REDWOOD FALLS - The farm bill is vital to agriculture's security, but congressional bickering has stalled its movement and threatens its very existence.
That was the consensus of panelists Tuesday at a Farmfest forum near Redwood Falls.
The panel included Congressman Collin Peterson and Congressman Tim Walz, both Democratic members of the U.S. House Agriculture Committee; Roger Johnson, president of the National Farmers Union; Bob Worth, vice president of the American Soybean Association; and Dale Moore, public policy director with the American Farm Bureau.
According to Johnson, the continued failure of Congress to pass a new farm bill will hurt agriculture by closing down programs.
"What gets lost if we don't get a farm bill done?" he asked. "The whole energy title disappears. The prosperity in rural America in this last decade has been a result of the work that has been done in the renewable energy sector."
He went on to list conservation programs, disaster programs, price protection for commodities, specialty crop provisions, and beginner farmer programs.

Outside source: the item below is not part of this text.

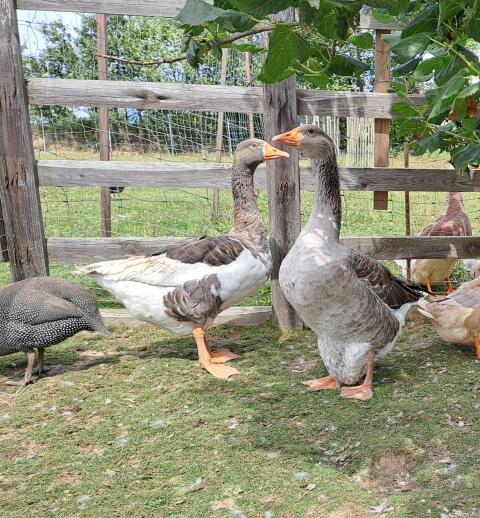 Gänsepaar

"The beginning farmer programs will expire," he said. "What a shame. What does that say about the future of an industry?"

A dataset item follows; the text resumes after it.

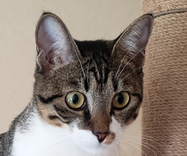 こころみたすペット思い出セレモニーにて葬儀したペットちゃん | ココちゃん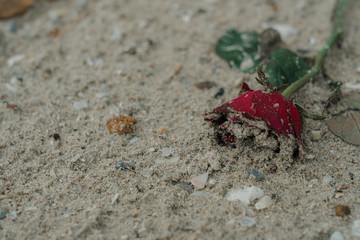 Wilted rose flowers on sands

Peterson said the Democrat-controlled Senate passed a version of the farm bill, only to have the Republican-led House remove the nutrition assistance portion of the bill.
"I was opposed to that," Peterson said. "If we split these bills up, and go to a farm only and a food stamp bill ... there will never be another farm bill. ... But it will never happen because the Senate will never go for that."

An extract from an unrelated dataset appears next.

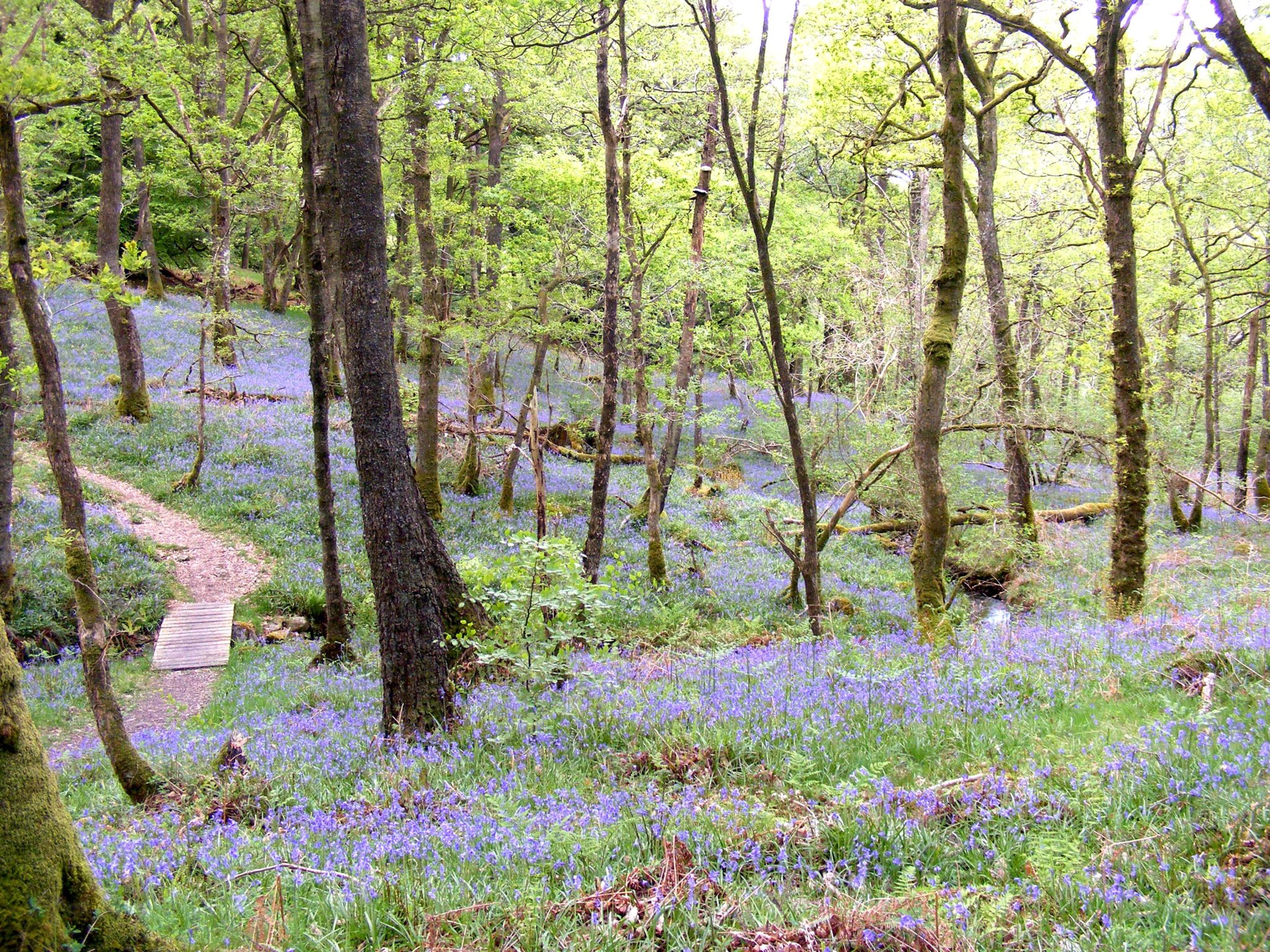 Carstramon Wood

He said splitting food assistance from the farm bill will keep the bill from passing, largely because urban legislators vote for the bill because their constituents are heavy users of the assistance, while rural legislators' constituents benefit from the farm bill.
According to Peterson, the House has not appointed conferees and says it will not until a vote is taken on the food stamp portion of the bill after Labor Day.
Peterson said that after having worked for so long on the farm bill, he has a good idea of what a final bill will look, and doesn't hold out much hope it will pass.
Peterson was not shy in his disdain for members of the Republican Party outside the ag committee, but Walz stressed the need for the parties to work together to get the measure passed. Walz says a farm bill can pass if members of Congress consider what the other side is saying.
"It is going to take understanding that' compromise' is not a dirty word," Walz said. "It is not a capitulation of our values. We can always find savings and efficiency. We need to come together, compromise a little bit, and move this bill."
Moore said some of the trouble farm agencies are having when talking to legislators is simply getting them to understand the need, especially in relatively good times, for agriculture.
"We are trying to sell why we need to get a farm bill done," he said. "Too many people don't understand. Farm bills are written for the bad times, not the good times."
He said the bill needs to have the food assistance portion included because that section helps farmers. Farmers are successful when people buy the food they grow.
"One of the things that gets lost is the importance of the nutrition part of the bill," he said. "Twenty-three cents of every dollar comes back to the farmer. It is not just to bridge the urban and rural."
Worth agreed that compromise is vital.
"There is not a farm bill around that no one had any complaints about," he said.
Peterson emphasized that he is uncertain if a farm bill will pass by the Sept. 30 deadline, and believes another extension of existing law is likely.
One thing farmers can do to make a difference, according to several panelists: Contact their lawmakers.
"If you are a crop farmer, an extension would be great," he said. "If you are a dairy farmer, it is not a good deal. If you are a specialty crop farmer, it is not a good deal. I think it is more likely we have an extension than we get this bill done. I hope I am wrong."